Uncertainty-Aware Semi-Supervised Few Shot Segmentation

TL;DR

This paper introduces a semi-supervised approach for few shot segmentation that utilizes uncertainty-guided pseudo labels from unlabeled images to improve segmentation accuracy, demonstrating significant performance gains on standard benchmarks.

Contribution

It proposes a novel semi-supervised FSS method that jointly predicts segmentation and estimates uncertainty, enabling reliable pseudo label generation without extra training.

Findings

Effective removal of unreliable pseudo labels improves segmentation quality.

Significant performance improvements over state-of-the-art on PASCAL-5^i and COCO-20^i.

Method is end-to-end and compatible with existing approaches.

Abstract

Few shot segmentation (FSS) aims to learn pixel-level classification of a target object in a query image using only a few annotated support samples.

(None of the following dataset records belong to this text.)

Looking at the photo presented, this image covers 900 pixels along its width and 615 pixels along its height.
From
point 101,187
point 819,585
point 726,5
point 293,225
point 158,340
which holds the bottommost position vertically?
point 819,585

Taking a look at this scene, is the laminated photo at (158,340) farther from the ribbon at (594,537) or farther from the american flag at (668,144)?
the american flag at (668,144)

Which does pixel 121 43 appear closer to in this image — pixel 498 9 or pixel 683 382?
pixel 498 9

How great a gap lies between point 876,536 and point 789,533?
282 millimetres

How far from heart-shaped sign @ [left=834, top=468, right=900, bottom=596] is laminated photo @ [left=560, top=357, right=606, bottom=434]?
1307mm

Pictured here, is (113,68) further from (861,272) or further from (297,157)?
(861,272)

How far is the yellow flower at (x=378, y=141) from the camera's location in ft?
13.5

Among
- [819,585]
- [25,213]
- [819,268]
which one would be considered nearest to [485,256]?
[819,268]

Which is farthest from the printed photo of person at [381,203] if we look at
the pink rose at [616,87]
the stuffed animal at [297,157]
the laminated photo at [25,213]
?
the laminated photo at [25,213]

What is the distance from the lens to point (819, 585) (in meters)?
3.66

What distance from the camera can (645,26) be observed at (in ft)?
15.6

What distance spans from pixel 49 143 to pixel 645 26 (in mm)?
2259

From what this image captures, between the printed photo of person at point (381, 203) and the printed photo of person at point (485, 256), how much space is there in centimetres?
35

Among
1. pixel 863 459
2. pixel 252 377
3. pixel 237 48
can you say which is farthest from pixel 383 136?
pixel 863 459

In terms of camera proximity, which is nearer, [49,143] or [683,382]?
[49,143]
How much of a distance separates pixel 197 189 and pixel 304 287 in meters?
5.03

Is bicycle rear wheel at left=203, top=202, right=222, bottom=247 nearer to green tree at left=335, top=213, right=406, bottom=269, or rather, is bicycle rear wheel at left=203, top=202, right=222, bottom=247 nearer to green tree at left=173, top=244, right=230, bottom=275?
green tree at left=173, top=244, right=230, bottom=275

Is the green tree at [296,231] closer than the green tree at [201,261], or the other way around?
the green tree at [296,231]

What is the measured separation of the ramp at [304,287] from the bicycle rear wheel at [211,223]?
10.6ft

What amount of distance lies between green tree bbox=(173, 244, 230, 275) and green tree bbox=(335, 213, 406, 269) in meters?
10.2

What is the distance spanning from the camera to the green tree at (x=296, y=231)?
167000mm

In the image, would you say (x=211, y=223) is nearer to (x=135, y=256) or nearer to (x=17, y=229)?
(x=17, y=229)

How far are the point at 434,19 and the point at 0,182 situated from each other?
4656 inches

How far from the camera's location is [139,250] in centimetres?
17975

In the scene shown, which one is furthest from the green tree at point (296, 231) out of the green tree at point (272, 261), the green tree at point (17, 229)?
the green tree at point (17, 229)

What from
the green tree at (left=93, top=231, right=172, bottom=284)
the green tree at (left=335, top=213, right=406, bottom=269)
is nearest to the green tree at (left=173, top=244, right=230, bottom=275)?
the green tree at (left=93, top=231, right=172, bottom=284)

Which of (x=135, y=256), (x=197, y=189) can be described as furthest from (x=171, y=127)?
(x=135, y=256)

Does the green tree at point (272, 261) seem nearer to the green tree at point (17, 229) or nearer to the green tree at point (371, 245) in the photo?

This is challenging as it requires modeling appearance variations of target objects and the diverse visual cues between query and support images with limited information. To address this problem, we propose a semi-supervised FSS strategy that leverages additional prototypes from unlabeled images with uncertainty guided pseudo label refinement. To obtain reliable prototypes from unlabeled images, we meta-train a neural network to jointly predict segmentation and estimate the uncertainty of predictions. We employ the uncertainty estimates to exclude predictions with high degrees of uncertainty for pseudo label construction to obtain additional prototypes based on the refined pseudo labels. During inference, query segmentation is predicted using prototypes from both support and unlabeled images including low-level features of the query images. Our approach is end-to-end and can easily supplement existing approaches without the requirement of additional training to employ unlabeled samples. Extensive experiments on PASCAL-$5^i$ and COCO-$20^i$ demonstrate that our model can effectively remove unreliable predictions to refine pseudo labels and significantly improve upon state-of-the-art performances.